▸ **Records for this exercise**:
#####
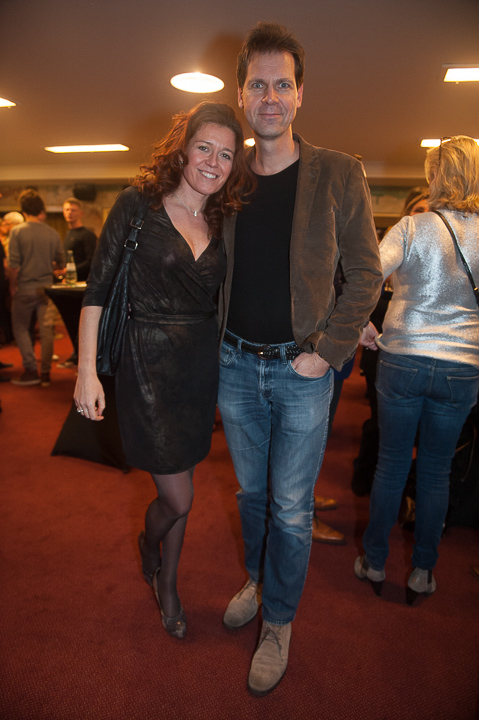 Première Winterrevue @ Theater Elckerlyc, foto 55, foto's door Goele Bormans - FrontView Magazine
#####
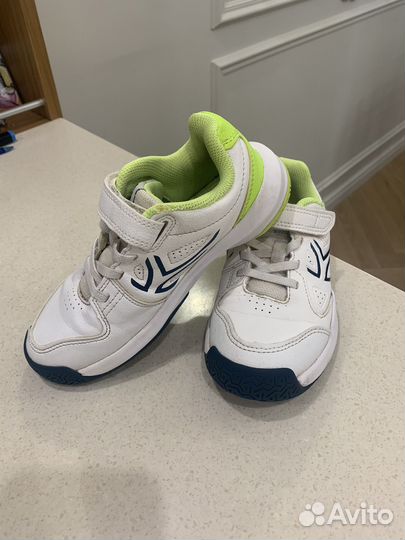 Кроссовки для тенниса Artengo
#####
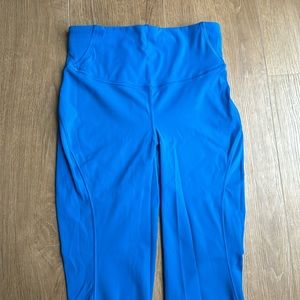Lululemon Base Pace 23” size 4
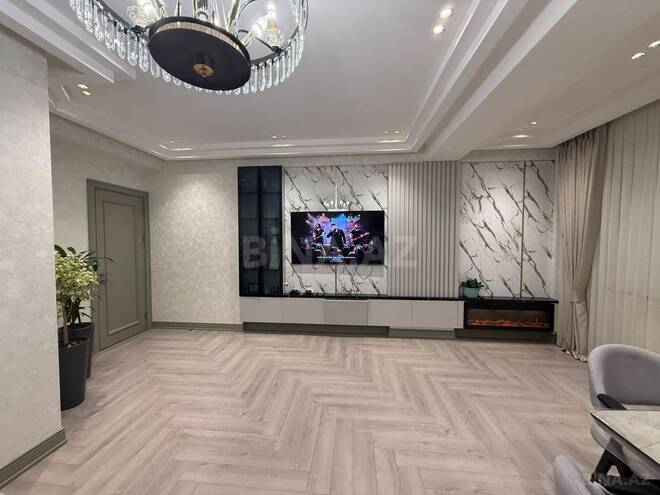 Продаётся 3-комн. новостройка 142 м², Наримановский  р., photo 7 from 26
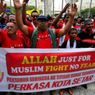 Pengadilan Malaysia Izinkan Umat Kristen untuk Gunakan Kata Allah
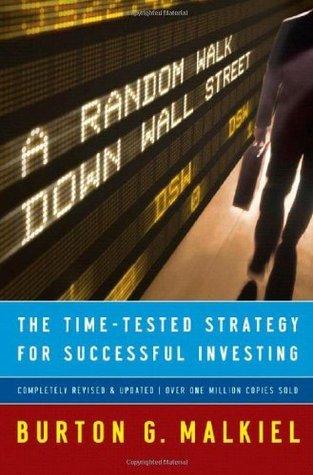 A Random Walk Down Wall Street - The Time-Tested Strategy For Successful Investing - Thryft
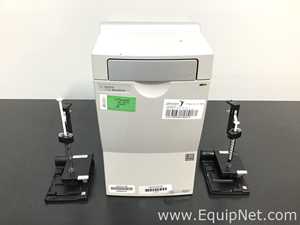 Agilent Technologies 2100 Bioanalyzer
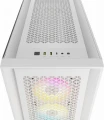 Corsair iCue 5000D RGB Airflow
#####
▸ **What to produce**:
Reproduce the lines above beginning at the line that contains "A Random Walk" and ending at the line that contains "Corsair iCue 5000D RGB Airflow". No pictures.

▸ **Exercise answer**:
 A Random Walk Down Wall Street - The Time-Tested Strategy For Successful Investing - Thryft
 Agilent Technologies 2100 Bioanalyzer
 Corsair iCue 5000D RGB Airflow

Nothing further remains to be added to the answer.